If you have to change any of the wastegate's parts or alignment, you can re-check the initial boost pressure that triggers exhaust dumping (bypassing the turbine). First the actuating rod's length should be such that the valve is just held closed. Connect a foot pump with built-in gauge to the solenoid nozzle (barb), and watching the actuator for the first signs of opening, slowly press down on the pump. Note the pressure. By also allowing it to bleed down, you should find it closes at a similar point, but there will be a bit of overlap (intended by VW). These VW diesel wastegates are usually setup for 0.5 bar, about 7.5 psi.

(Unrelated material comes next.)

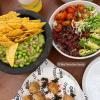 Catering Bibos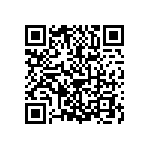 2220J1000103MDR QRCode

This sets the maximum boost, or is intended to - of course can be modified using bleed valves in the line, or better still, Grainger style valves that actually allow an accurate max boost pressure to be set. 4 or 5 psi can be added without too much concern, above that the fuelling of a diesel would normally need to be looked at. Once you get to 15 psi an EGT and boost gauge to monitor for reliability is recommended. You will need to block off the BOV to get above about 10 psi (the safety Blow Off Valve in the inlet manifold) NB. Don't mess with petrol engine boosts unless you really do know what you are doing!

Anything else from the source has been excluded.